# [Assignment]
Lines from the one containing "Used 2015 Chevrolet Camaro LS RWD image 32" through the last line of the data are to be returned exactly, both ends included, minus any pictures.

# [Provided entries]
※ ※ ※

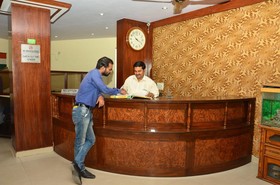 Hotel Global Inn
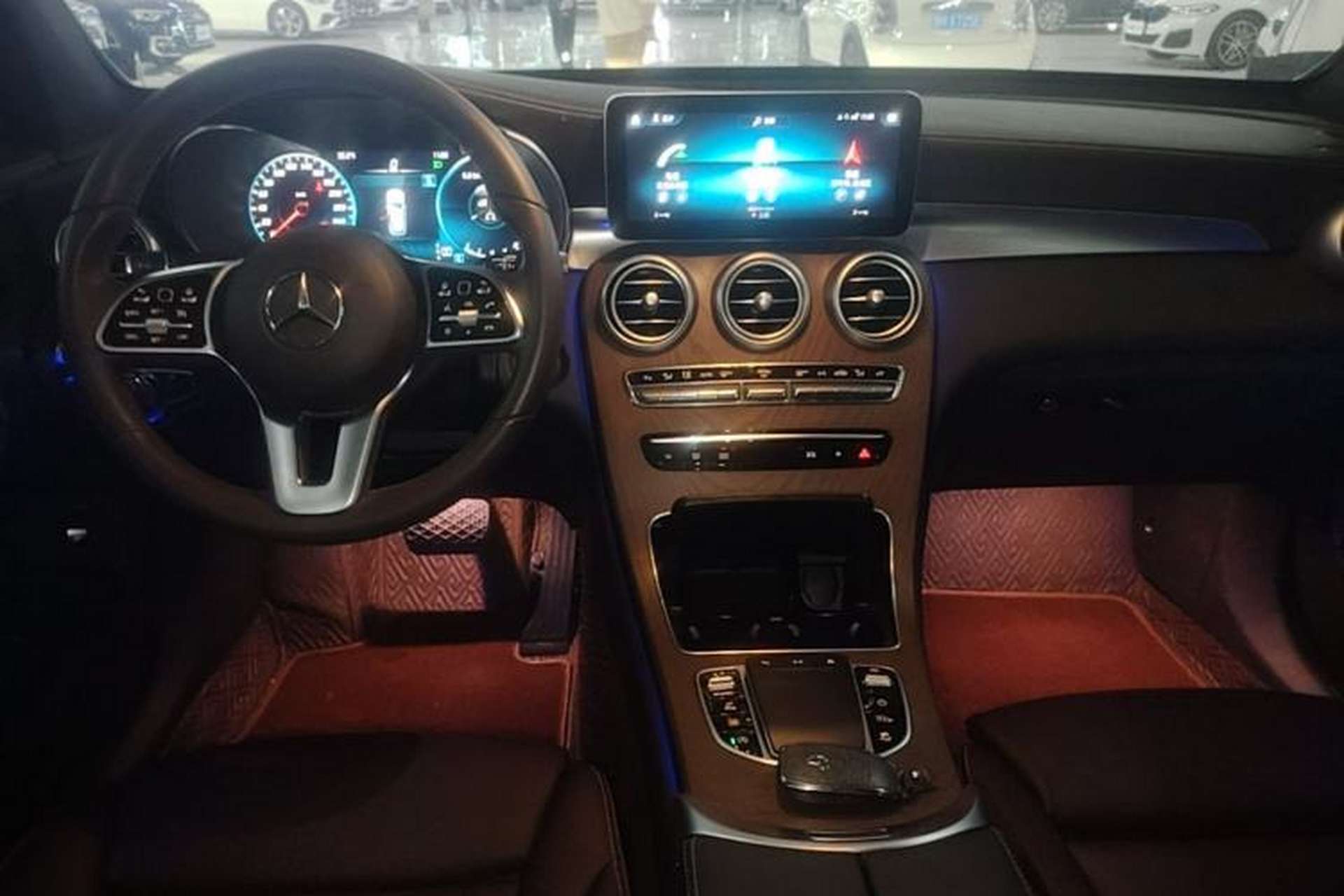 Used Mercedes-Benz GLC 2022 Refreshed GLC 300 L 4MATIC Dynamic Edition Prestige Version Center Console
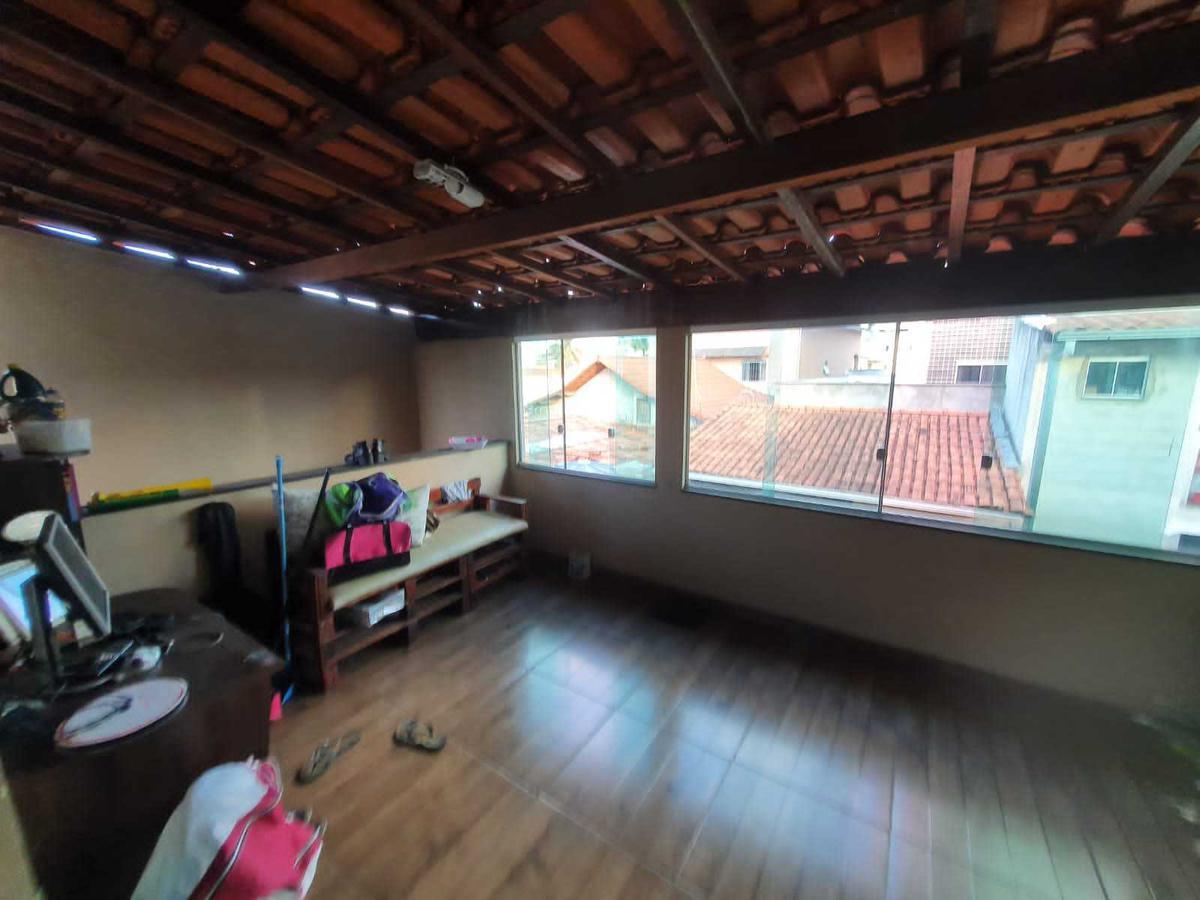 Casa, Arvoredo, 4 Quartos, 2 Vagas, 1 Suíte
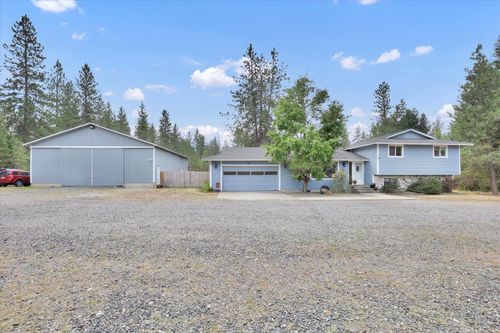 3006 E Buck Brush Ave, Chattaroy, WA, 99003-9635 | Card Image
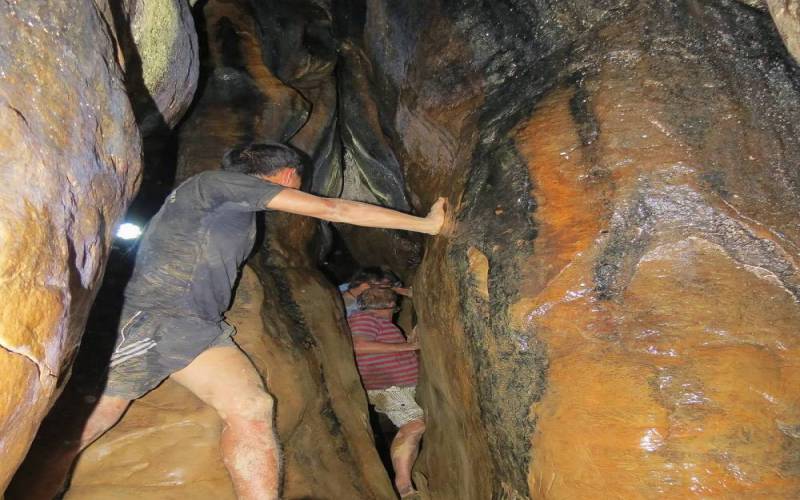 Caving in Khuangchera Puk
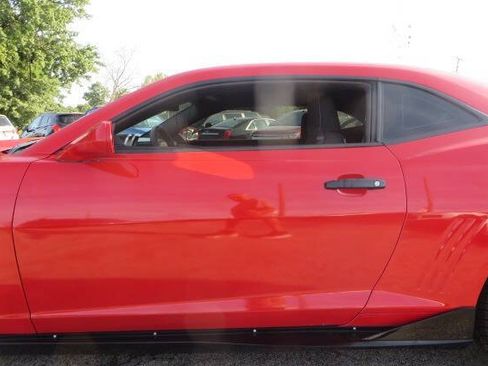Used 2015 Chevrolet Camaro LS RWD image 32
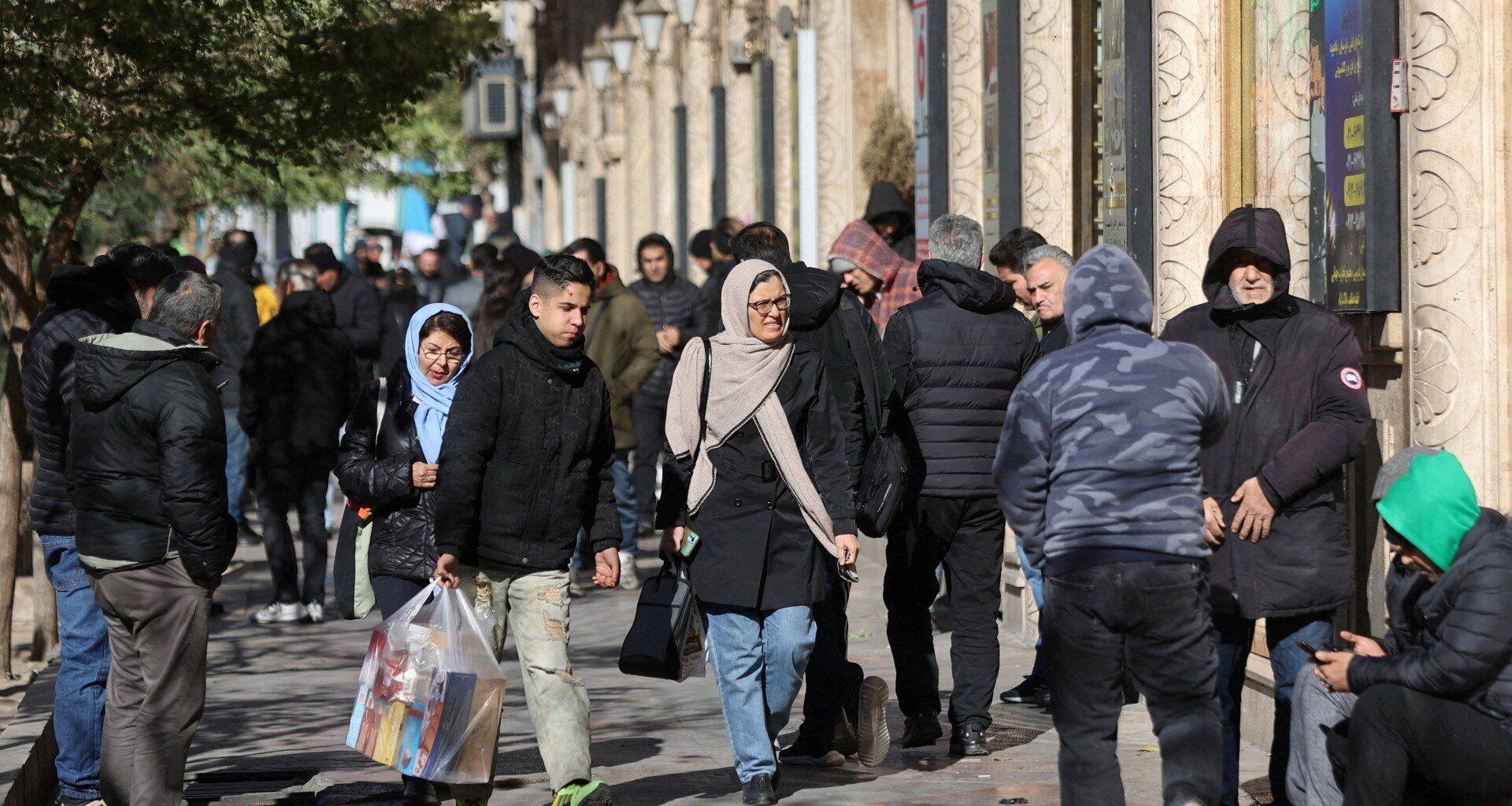 Sporadic protests in Tehran as clashes reported in Iran’s west | Protests News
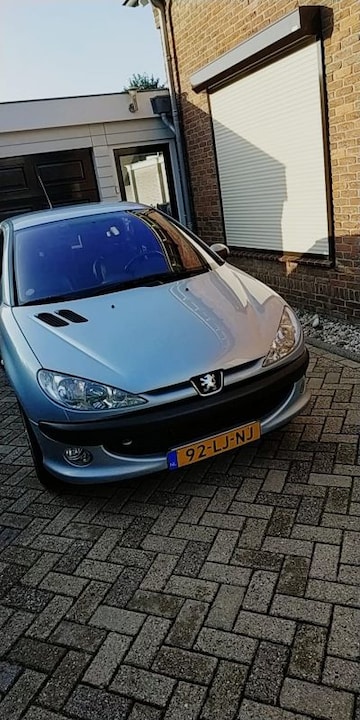Peugeot 206 Gentry 1.6-16V (2003)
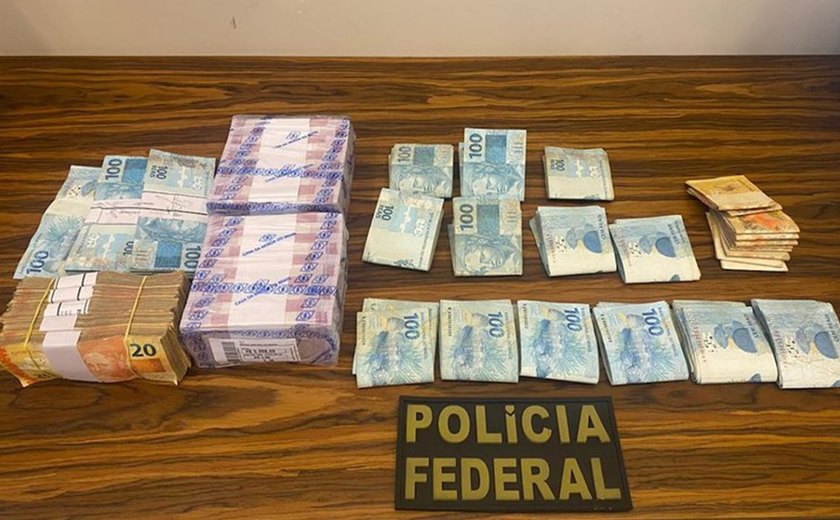 Polícia Federal investiga desvio de R$ 50 milhões da educação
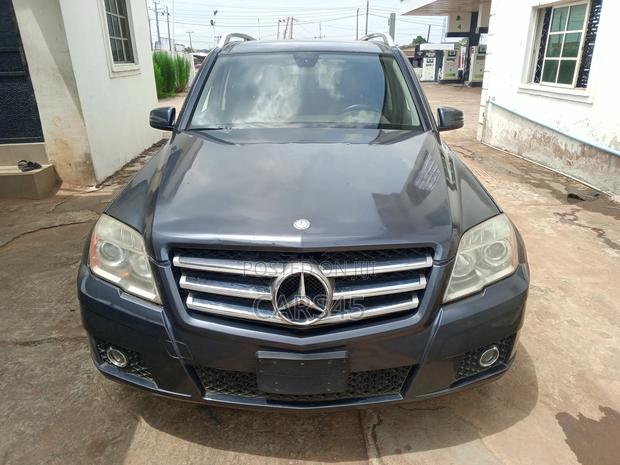 Mercedes-Benz GLK-Class 2010 Gray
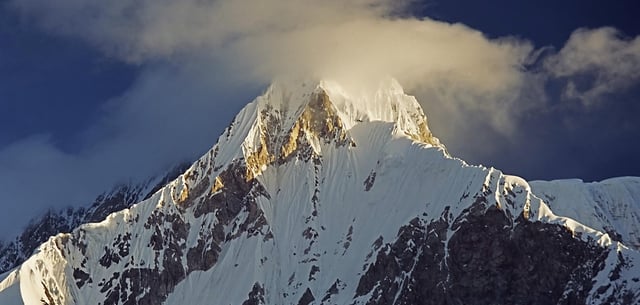 Der Dschengisch Tschokusu liegt im Tian Shan Gebirge in Kirgistan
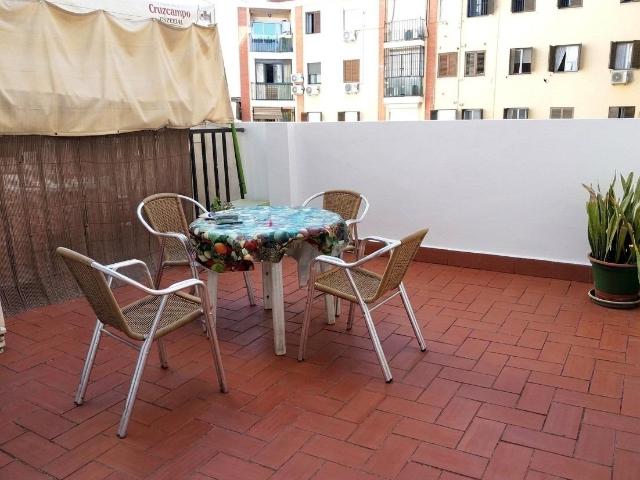 Apartamento con GRAN TERRAZA en calle Amador de los Ríos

※ ※ ※

# [Written answer]
Used 2015 Chevrolet Camaro LS RWD image 32
 Sporadic protests in Tehran as clashes reported in Iran’s west | Protests News
Peugeot 206 Gentry 1.6-16V (2003)
 Polícia Federal investiga desvio de R$ 50 milhões da educação
 Mercedes-Benz GLK-Class 2010 Gray
 Der Dschengisch Tschokusu liegt im Tian Shan Gebirge in Kirgistan
 Apartamento con GRAN TERRAZA en calle Amador de los Ríos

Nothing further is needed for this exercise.